EXERCISE DIRECTIONS:
Please work out how many lines of this material include "Your", and answer with that number by itself.

MATERIAL SHOWN:

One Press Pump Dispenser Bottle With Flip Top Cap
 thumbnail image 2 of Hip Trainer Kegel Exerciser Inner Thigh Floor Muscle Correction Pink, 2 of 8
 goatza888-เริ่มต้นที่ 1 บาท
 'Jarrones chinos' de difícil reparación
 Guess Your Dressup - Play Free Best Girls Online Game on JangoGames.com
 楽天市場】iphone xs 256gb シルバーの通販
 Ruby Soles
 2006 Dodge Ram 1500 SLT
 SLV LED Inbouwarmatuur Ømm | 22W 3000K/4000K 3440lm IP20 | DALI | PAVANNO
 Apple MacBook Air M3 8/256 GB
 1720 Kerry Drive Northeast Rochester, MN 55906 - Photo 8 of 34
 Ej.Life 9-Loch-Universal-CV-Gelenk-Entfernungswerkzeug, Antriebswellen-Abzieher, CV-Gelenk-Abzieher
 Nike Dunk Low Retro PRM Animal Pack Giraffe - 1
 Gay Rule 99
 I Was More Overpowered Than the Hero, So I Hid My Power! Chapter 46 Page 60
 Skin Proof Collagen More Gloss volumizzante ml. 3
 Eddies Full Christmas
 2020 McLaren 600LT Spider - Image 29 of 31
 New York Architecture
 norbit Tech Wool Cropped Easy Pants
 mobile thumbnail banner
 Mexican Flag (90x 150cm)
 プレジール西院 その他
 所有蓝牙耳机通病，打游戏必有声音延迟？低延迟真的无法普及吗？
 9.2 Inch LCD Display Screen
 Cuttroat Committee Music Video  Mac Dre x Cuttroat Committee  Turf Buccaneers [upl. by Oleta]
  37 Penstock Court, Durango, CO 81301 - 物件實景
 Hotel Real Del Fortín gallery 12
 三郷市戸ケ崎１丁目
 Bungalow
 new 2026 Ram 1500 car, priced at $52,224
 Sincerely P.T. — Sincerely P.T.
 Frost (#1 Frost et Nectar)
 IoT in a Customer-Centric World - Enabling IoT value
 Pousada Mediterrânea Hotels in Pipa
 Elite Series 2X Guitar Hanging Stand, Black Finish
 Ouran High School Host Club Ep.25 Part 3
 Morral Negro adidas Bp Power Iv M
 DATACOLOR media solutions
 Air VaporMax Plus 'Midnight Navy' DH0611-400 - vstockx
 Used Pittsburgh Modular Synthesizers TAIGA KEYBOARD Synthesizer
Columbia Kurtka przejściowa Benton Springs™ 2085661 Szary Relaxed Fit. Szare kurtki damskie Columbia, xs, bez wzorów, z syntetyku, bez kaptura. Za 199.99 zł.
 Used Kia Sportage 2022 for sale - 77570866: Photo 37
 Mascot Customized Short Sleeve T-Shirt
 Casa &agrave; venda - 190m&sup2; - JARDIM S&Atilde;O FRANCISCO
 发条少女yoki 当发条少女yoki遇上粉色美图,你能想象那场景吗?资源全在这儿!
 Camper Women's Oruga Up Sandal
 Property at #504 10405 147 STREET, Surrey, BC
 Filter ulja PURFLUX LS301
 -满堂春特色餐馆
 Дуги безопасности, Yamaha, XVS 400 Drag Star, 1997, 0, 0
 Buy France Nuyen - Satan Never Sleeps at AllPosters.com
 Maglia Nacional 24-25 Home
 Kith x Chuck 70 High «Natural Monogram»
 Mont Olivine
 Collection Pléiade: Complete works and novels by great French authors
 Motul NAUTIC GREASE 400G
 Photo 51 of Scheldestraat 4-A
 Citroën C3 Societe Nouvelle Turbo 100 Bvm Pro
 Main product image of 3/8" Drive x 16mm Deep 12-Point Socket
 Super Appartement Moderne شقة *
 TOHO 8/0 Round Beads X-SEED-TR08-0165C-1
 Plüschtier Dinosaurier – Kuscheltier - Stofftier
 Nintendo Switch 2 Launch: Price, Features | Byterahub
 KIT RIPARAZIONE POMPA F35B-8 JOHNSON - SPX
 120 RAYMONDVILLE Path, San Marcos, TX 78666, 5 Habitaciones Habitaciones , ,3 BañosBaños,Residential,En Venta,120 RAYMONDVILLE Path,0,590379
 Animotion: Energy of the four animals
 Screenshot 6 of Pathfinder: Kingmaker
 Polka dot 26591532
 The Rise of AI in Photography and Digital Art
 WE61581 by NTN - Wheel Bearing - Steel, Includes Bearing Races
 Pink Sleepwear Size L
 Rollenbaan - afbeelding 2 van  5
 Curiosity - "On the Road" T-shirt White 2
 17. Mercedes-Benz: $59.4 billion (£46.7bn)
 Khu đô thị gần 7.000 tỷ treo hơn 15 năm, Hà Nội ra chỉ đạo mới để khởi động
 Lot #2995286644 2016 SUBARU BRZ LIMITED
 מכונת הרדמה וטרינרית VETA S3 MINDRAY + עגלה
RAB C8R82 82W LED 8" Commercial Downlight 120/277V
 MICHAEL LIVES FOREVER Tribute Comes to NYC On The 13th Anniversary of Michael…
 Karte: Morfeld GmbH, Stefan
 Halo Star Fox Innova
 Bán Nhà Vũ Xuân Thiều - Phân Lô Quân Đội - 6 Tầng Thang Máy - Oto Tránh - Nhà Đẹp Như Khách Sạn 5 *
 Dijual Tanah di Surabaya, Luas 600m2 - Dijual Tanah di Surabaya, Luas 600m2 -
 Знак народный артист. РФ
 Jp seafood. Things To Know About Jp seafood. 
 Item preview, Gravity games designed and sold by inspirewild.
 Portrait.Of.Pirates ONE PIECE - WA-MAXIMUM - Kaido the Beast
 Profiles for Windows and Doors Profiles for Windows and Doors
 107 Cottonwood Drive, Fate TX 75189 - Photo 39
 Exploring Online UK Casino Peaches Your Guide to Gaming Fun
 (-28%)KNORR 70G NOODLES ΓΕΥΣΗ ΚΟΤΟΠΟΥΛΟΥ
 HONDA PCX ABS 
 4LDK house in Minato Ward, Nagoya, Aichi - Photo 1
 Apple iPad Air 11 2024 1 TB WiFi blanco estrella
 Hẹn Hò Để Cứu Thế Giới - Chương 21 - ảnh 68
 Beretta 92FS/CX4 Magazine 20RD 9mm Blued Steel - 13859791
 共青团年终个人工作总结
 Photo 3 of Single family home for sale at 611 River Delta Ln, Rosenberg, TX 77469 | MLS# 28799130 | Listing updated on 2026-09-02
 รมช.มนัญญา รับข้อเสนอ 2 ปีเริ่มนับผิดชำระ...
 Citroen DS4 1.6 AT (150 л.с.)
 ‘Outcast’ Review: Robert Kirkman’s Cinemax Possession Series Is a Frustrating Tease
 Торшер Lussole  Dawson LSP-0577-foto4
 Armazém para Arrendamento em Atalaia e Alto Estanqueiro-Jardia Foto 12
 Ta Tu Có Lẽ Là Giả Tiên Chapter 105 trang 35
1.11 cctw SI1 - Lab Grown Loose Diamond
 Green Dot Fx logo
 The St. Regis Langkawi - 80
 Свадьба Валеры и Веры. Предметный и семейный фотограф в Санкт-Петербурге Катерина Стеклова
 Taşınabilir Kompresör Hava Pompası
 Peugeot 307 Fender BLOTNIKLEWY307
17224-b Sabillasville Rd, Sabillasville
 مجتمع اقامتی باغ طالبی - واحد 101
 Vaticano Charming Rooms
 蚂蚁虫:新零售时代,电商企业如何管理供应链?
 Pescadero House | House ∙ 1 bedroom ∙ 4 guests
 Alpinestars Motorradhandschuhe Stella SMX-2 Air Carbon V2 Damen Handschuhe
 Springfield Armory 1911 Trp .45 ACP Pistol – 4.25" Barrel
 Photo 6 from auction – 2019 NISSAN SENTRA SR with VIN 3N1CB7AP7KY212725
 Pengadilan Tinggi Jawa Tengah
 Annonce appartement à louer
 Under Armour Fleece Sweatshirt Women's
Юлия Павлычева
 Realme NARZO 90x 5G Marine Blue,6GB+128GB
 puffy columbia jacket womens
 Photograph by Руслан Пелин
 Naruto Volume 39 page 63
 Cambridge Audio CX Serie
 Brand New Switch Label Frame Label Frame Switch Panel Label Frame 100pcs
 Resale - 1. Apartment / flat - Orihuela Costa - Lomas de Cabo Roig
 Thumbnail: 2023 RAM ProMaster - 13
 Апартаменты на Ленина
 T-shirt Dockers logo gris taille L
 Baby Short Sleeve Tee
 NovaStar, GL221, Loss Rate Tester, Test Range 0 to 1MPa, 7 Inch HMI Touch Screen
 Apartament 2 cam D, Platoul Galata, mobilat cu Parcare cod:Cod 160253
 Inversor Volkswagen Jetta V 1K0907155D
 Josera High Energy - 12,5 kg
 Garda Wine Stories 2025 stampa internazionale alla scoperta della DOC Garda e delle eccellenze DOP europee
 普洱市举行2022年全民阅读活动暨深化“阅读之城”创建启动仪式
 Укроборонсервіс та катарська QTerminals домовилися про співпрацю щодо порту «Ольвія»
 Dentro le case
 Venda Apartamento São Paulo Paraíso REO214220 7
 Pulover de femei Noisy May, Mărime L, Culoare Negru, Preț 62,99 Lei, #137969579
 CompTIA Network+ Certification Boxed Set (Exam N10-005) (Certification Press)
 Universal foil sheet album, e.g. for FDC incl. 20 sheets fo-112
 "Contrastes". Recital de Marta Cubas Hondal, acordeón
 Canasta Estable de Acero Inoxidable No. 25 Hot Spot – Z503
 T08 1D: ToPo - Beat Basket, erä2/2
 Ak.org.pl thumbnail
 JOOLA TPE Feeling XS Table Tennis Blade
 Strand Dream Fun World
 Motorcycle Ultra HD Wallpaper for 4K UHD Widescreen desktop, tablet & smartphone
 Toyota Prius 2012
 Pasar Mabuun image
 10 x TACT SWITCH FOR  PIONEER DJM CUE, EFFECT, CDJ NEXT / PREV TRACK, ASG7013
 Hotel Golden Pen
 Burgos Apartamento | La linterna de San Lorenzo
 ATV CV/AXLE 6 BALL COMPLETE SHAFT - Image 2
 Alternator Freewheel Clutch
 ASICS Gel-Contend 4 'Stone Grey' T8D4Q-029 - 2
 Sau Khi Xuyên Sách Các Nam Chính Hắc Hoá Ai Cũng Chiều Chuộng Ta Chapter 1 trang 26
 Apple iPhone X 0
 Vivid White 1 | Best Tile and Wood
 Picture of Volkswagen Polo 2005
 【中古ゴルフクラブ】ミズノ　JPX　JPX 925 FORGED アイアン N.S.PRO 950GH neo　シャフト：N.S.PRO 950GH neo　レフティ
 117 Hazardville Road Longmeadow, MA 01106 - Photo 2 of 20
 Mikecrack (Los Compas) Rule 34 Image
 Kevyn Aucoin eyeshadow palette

RESPONSE BELOW:
2